Assignment: From the line containing "Navy Cotton Knit Throw Blanket" to the final line of the entries, copy each line exactly. Pictures stay out.

Materials provided:
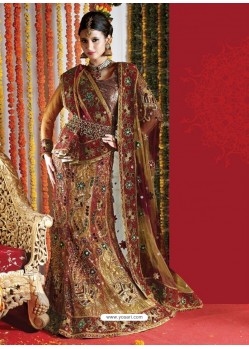 Fabulous Multi Colour Heavy Embroidered Bridal Lehenga Choli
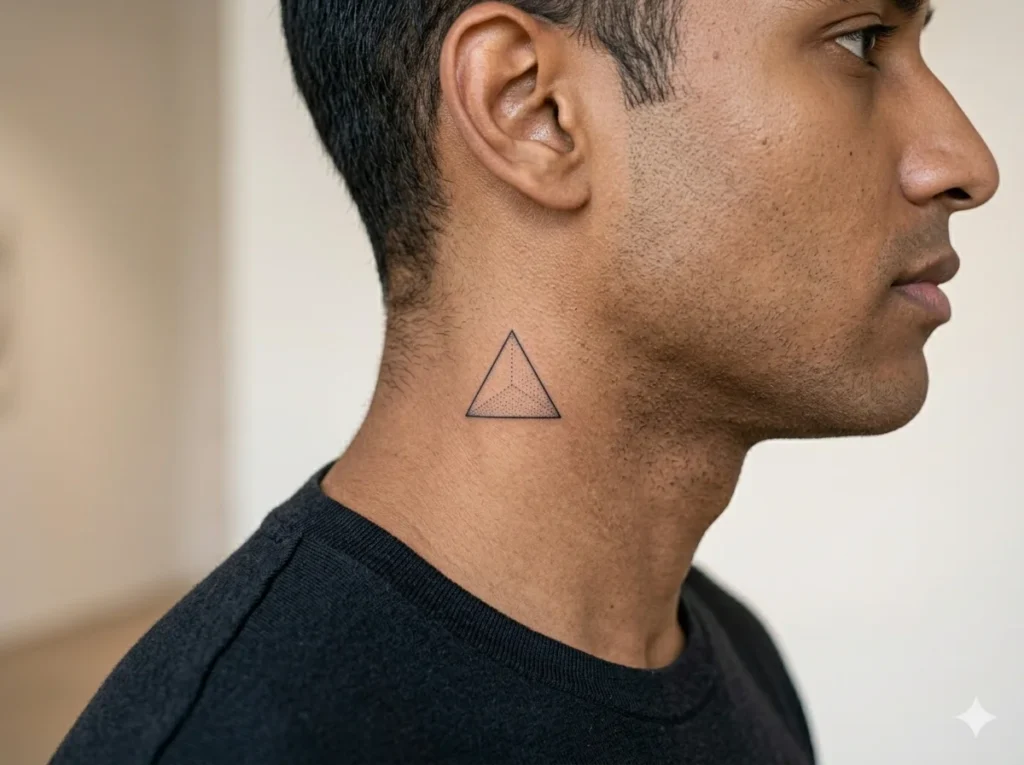 Small minimalist triangle tattoo on side of neck with thin black lines and sharp symmetry on deep tan skin tone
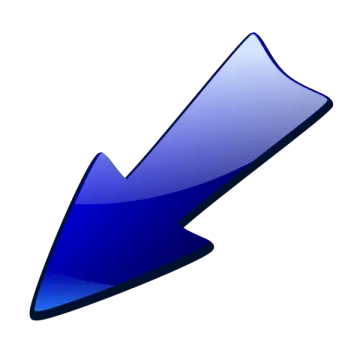 a blue arrow on a white background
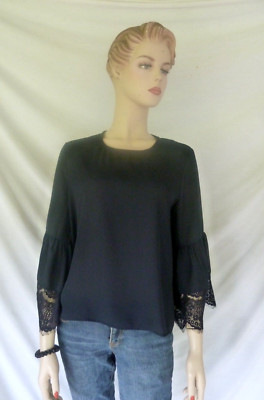 Grayson/Threads Women's Sz L Black Sheer Long Sleeve Blouse NWT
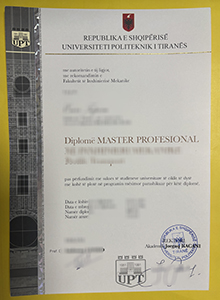 Universiteti Politeknik i Tiranës diploma sample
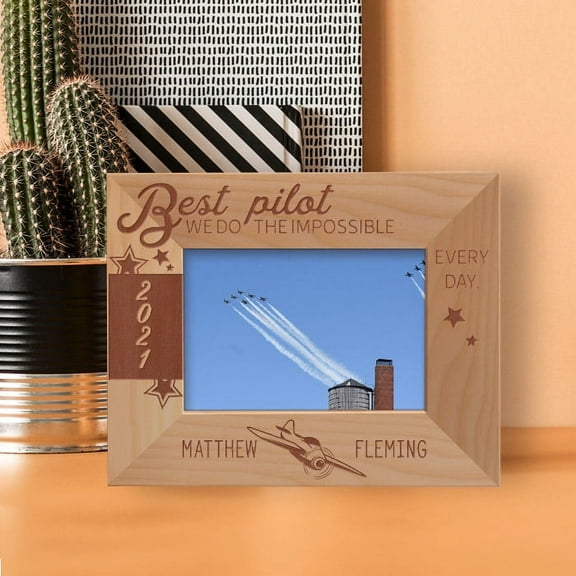 Best Pilot We Do The Impossible Every Day Personalized Wooden Frame-5" x 3 1/2" Brown Horizontal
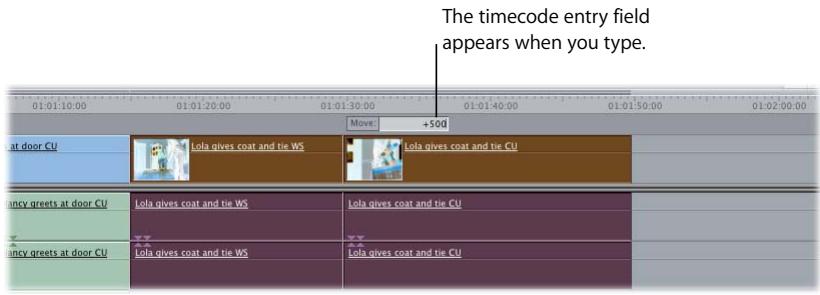 APPLE FINAL CUT PRO 5 - To move a clip in your sequence using timecode: - 1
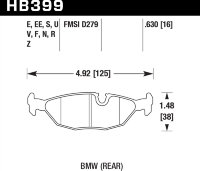 Колодки тормозные HB399V.630 HAWK DTC-50; BMW (Rear) 16mm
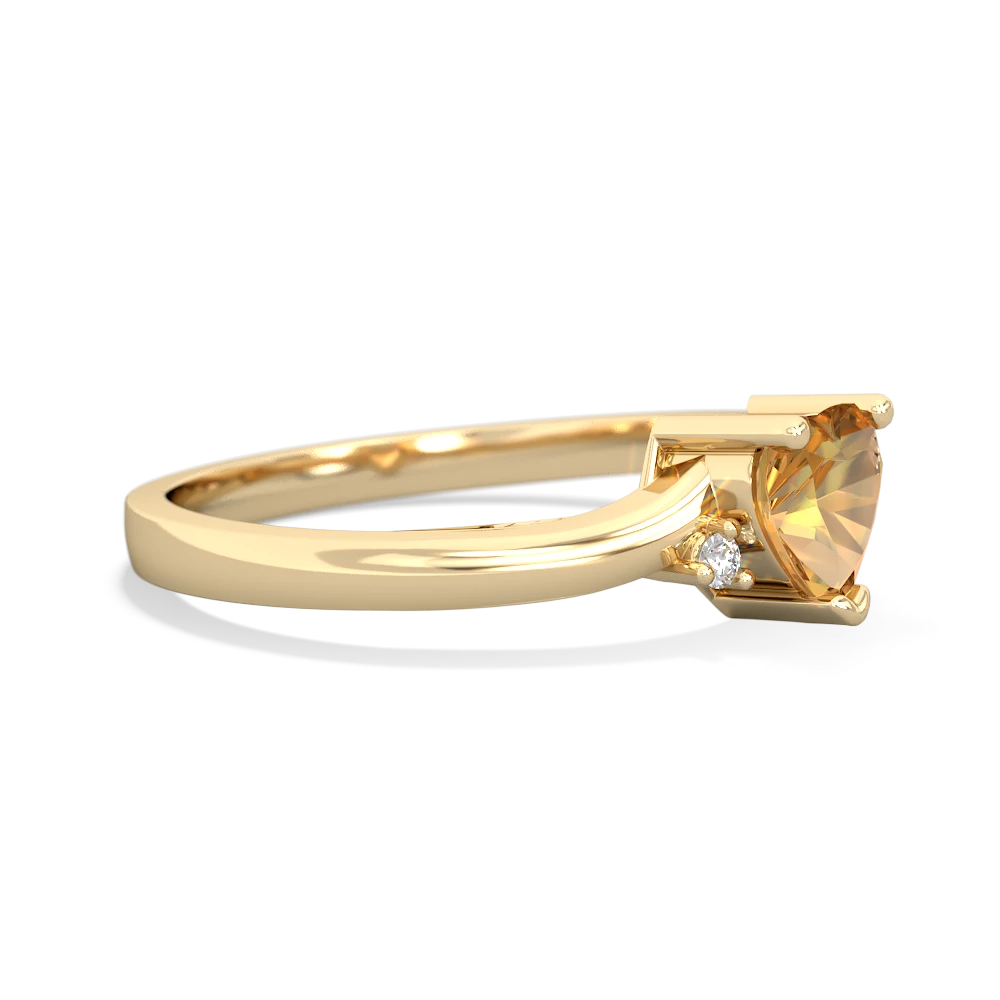 Citrine Delicate Heart 14K Yellow Gold ring R0203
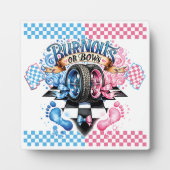 Gender Reveal Pink and Blue Bows and Tires フォトプラーク (正面)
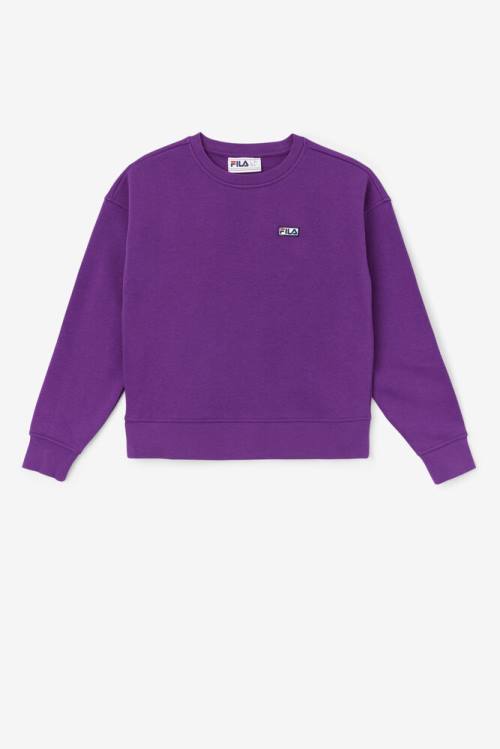 Purple Women\'s Fila Stina Crew Sweatshirts | Fila829WP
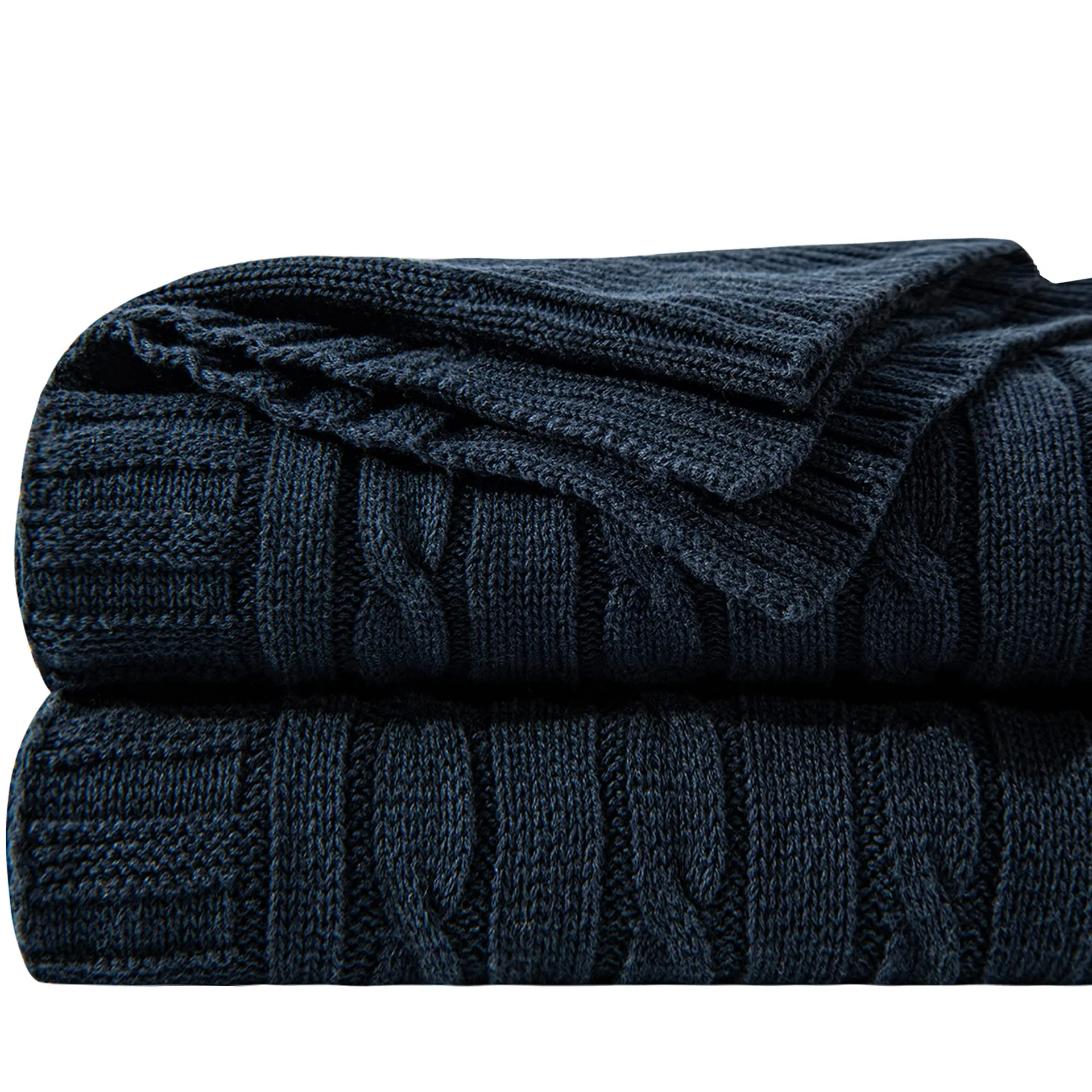 Navy Cotton Knit Throw Blanket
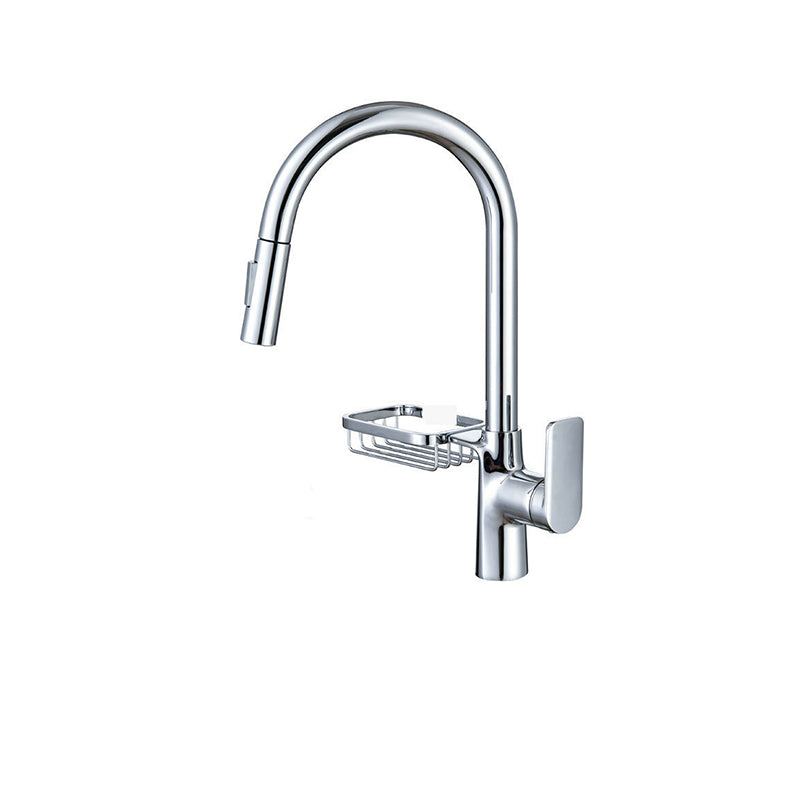 Frendorf | Ganshals Küchenspüle Wasserhahn Drehauslauf mit Pull-Down Spraykopf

Written answer:
 Navy Cotton Knit Throw Blanket
 Frendorf | Ganshals Küchenspüle Wasserhahn Drehauslauf mit Pull-Down Spraykopf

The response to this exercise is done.